# Torque specs for carbon steerer



## bung (Jul 7, 2004)

I have an 07 Tarmac Comp and I'd like to rearrange some of the spacers on the steerer. I never received the owners manual for my bike. Can anyone give me the torque numbers for the stem and seat binder? I'm a bit nervous about over torquing carbon.


----------



## Dr_John (Oct 11, 2005)

Here's where all the Specialized component/frame instructions are. Download what you need, and keep them handy:

http://www.specialized.com/bc/SBCDownloads.jsp


----------



## bung (Jul 7, 2004)

^^^ Thank you sir!


----------



## cooltool (Feb 24, 2007)

Be very careful when tightning the stem to the steerer. I managed to crack the steerer tube on 2 different Tarmac forks while following the torque specs that were sent with the bike. The torque recommendations listed on the sheet of paper (that came with my bike) and the link provided 2 posts above are wrong. They say to torque the stem to 75 in-ibf or no more than 90 in-ibf... If you do this, you are bound to crack a steerer. Follow the recommendations on the stem... 40 in-ibf or no more than 53-56 in-ibf. Make sure to tighten each bolt no more than 5-10 in-ibf at a time until you reach your desired setting. Also (Very important)... Make sure the plug inside the steerer is right in the center of where you are going to tighten your stem. This will insure even bolt torque. 

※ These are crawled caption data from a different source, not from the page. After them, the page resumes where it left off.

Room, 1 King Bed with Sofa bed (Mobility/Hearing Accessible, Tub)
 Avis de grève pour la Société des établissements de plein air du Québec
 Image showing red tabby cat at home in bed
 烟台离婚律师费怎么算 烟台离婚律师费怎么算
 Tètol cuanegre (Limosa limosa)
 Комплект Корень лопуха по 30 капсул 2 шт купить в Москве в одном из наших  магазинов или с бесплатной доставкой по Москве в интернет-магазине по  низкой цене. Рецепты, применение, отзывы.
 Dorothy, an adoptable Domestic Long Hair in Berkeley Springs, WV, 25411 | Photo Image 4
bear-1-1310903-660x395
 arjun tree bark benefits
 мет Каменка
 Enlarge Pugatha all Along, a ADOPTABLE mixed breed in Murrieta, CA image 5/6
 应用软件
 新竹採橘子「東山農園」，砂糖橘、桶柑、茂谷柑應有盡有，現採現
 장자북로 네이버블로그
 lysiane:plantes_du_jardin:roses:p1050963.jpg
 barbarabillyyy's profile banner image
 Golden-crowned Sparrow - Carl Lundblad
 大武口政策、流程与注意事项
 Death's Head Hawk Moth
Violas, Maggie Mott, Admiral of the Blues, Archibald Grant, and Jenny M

My first steerer cracked when I was still about 10 in-ibf away from Specialized's recommended Minimum torque setting... Pretty scary. My second steerer didn't crack right away. Approx. 2-3 months after I had installed the replacement fork, I thought to myself... I'm just gonna check to make sure everythings still OK. Glade I did. There was a crack, about 5-6mm in length, beginning at the top of the steerer. Both of these happened while following the torque specs listed on Specializeds web site (& the paper sent with my bike). 

Again... Just be careful!!!


----------



## Ardent (Mar 25, 2007)

Just to add, you should ALWAYS check the torque requirements for BOTH components when mating two together, and use the lower, especially with carbon. 

It's the reason why the manual for the stem and most of their parts says explicitly, with a big warning triangle:



> Warning: Recommended torques in this guide are specific for this Specialized product. Consult the owner's manual for the mating component's recommended torque. Always use the lower torque recommendation


I'm sorry that happened to you.


----------